**Goal of the exercise**
Reproduce word for word the lines from the beginning of the entries to the line with "Loai hoi ham", both included, but none of the pictures.

**Records supplied**
#####
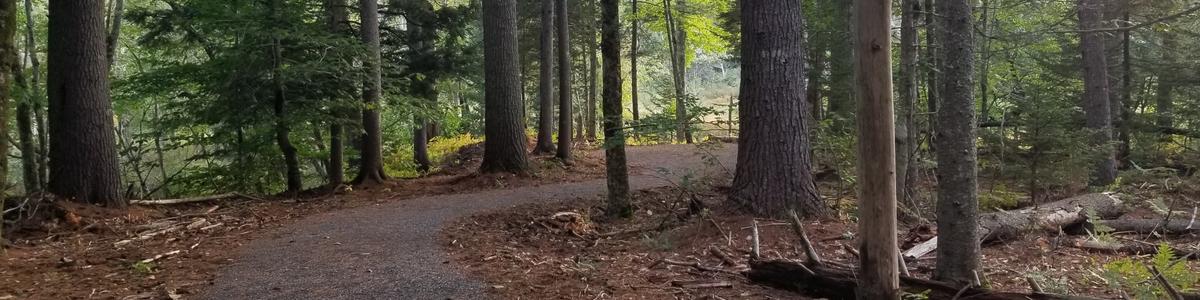 A gravel path winds through a pine forest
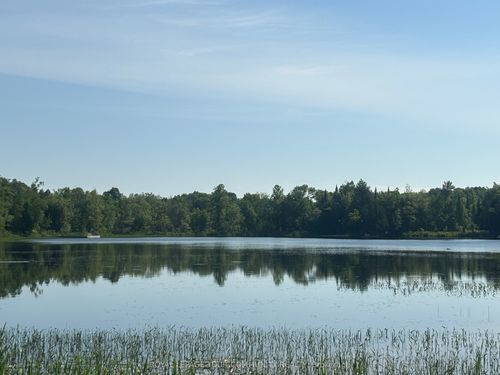 81 Stoney Rd, Mckellar, ON, P2A0B5 | Card Image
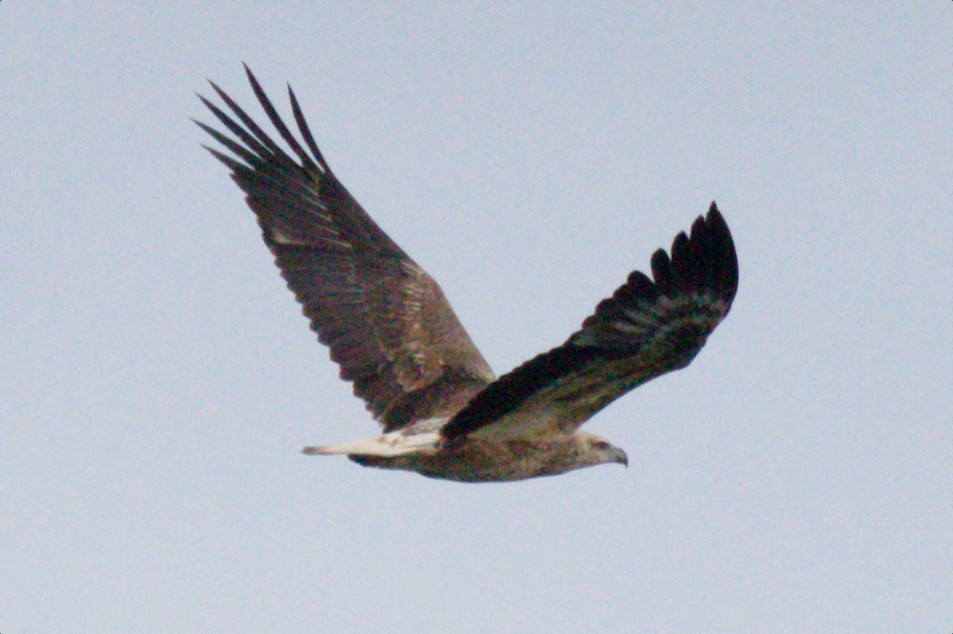 White-bellied Sea-Eagle - ML149137731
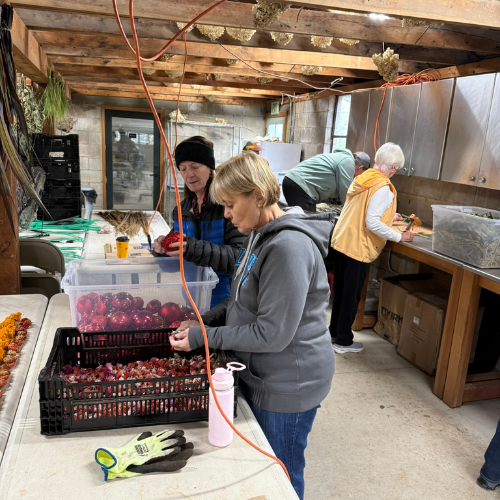 Gallery Image 7(1).png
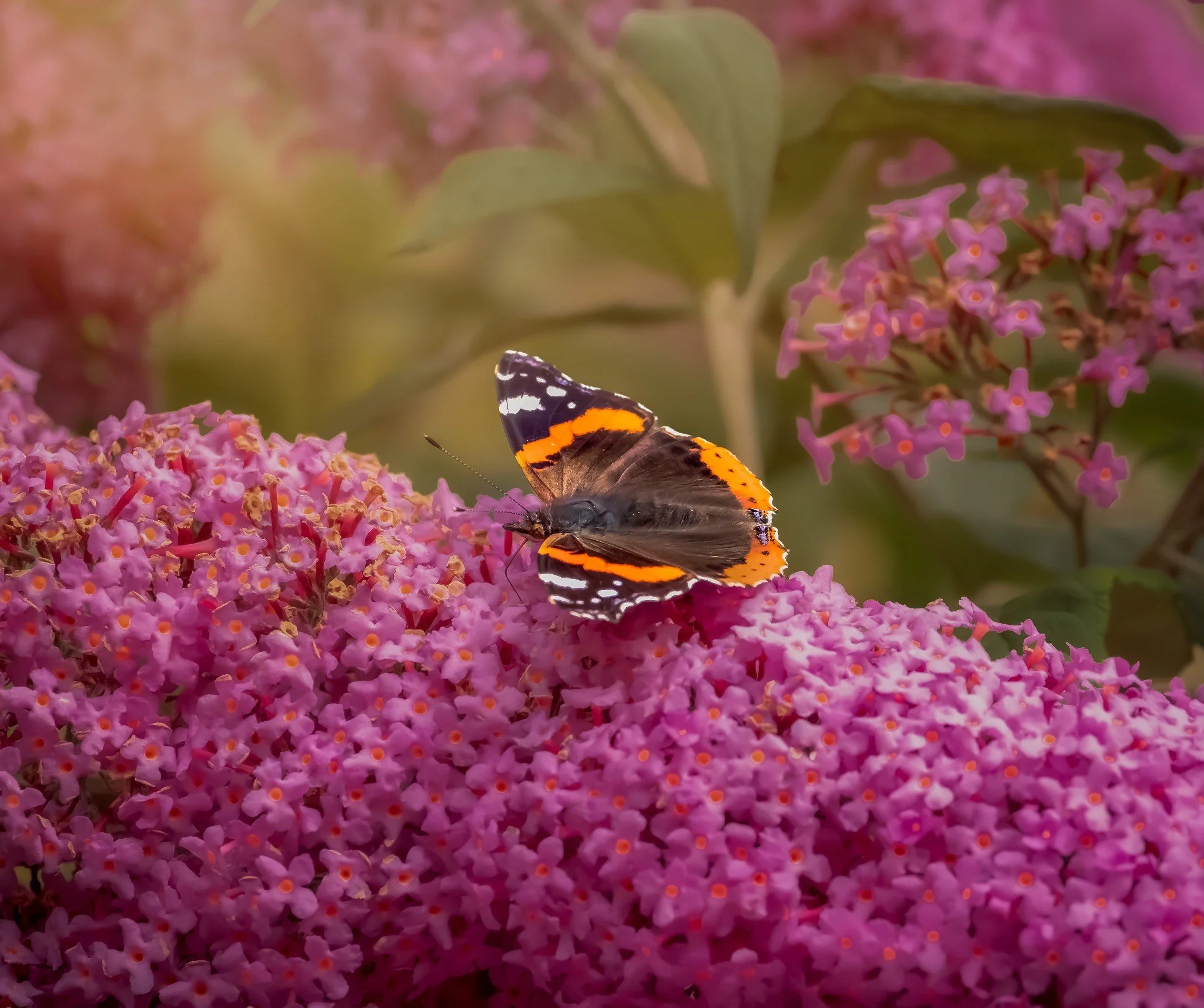 Walking in Nature | by Jill Johnson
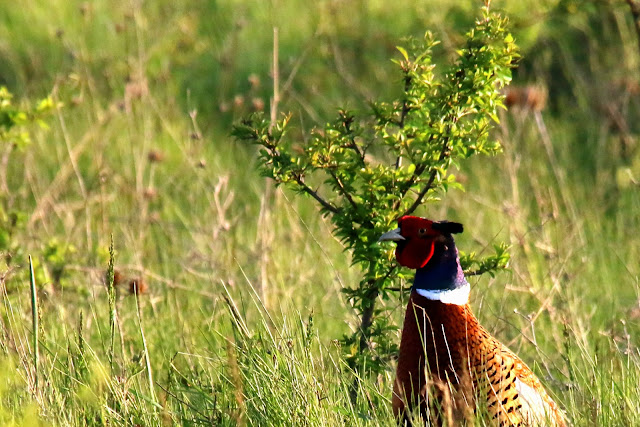 Pheasant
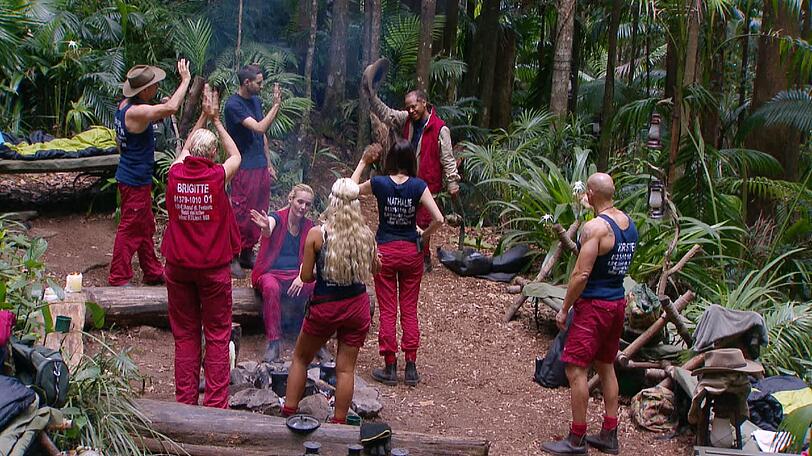 Ricky Harris (M.) muss das Camp verlassen. Er verabschiedet sich von (v.l.) Jürgen Milski, Brigitte Nielsen, Menderes Bagci, Helena Fürst, Sophia Wollersheim, Nathalie Volk und Thorsten Legat.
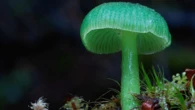 13 fascinating fungi photos that’ll really grow on you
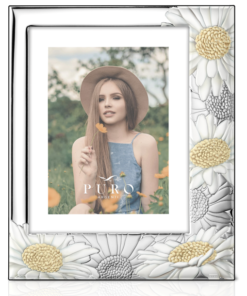 Marco plateado margaritas a color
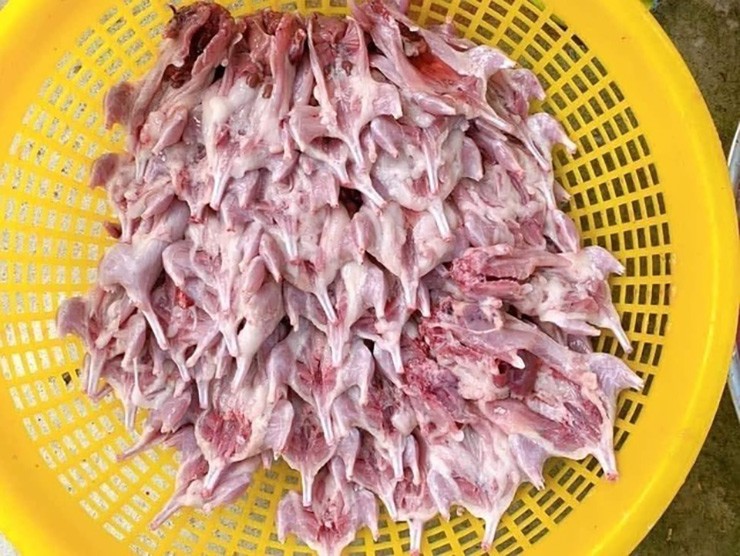 Loai hoi ham ngoai dong gio thanh dac san gia 300.000 dong/kg-Hinh-2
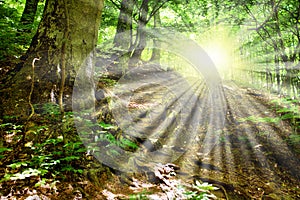 Sun rays through tree branches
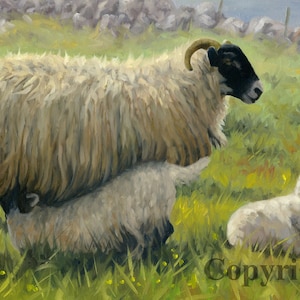 Blackface Sheep Lambs Canvas Wall Art Print by Irish artist Keith Glasgow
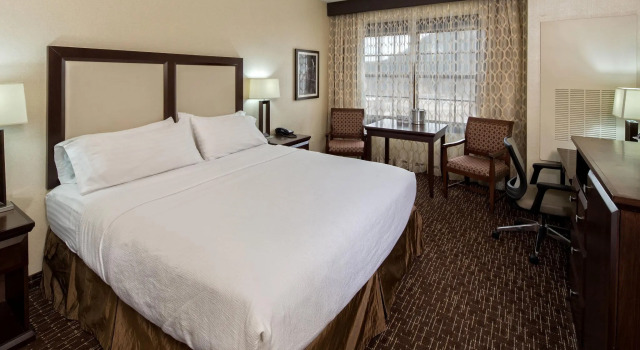 Номер Standard Holiday Inn Resort Deadwood Mountain Grand by IHG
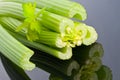 Fresh green celery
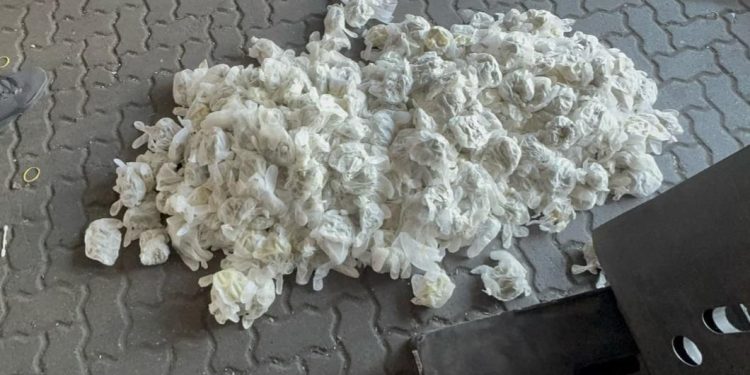 DNCD incauta en pañales más de 700 guantes quirúrgicos lleno de marihuana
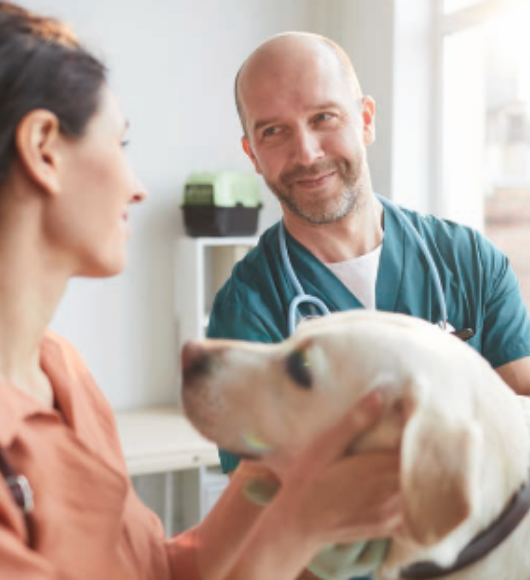 Image of a dog at its owner at the vet office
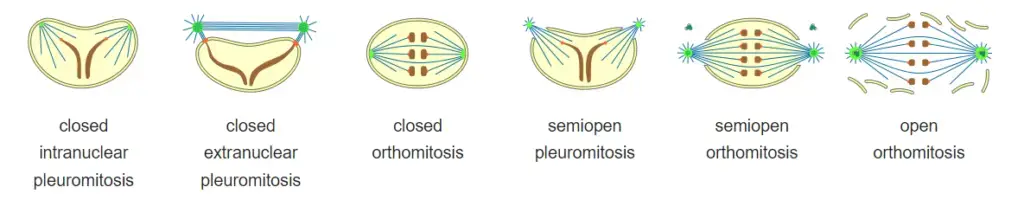 Forms of mitosis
#####
**Response area**
 A gravel path winds through a pine forest
 81 Stoney Rd, Mckellar, ON, P2A0B5 | Card Image
 White-bellied Sea-Eagle - ML149137731
 Gallery Image 7(1).png
 Walking in Nature | by Jill Johnson
 Pheasant
 Ricky Harris (M.) muss das Camp verlassen. Er verabschiedet sich von (v.l.) Jürgen Milski, Brigitte Nielsen, Menderes Bagci, Helena Fürst, Sophia Wollersheim, Nathalie Volk und Thorsten Legat.
 13 fascinating fungi photos that’ll really grow on you
 Marco plateado margaritas a color
 Loai hoi ham ngoai dong gio thanh dac san gia 300.000 dong/kg-Hinh-2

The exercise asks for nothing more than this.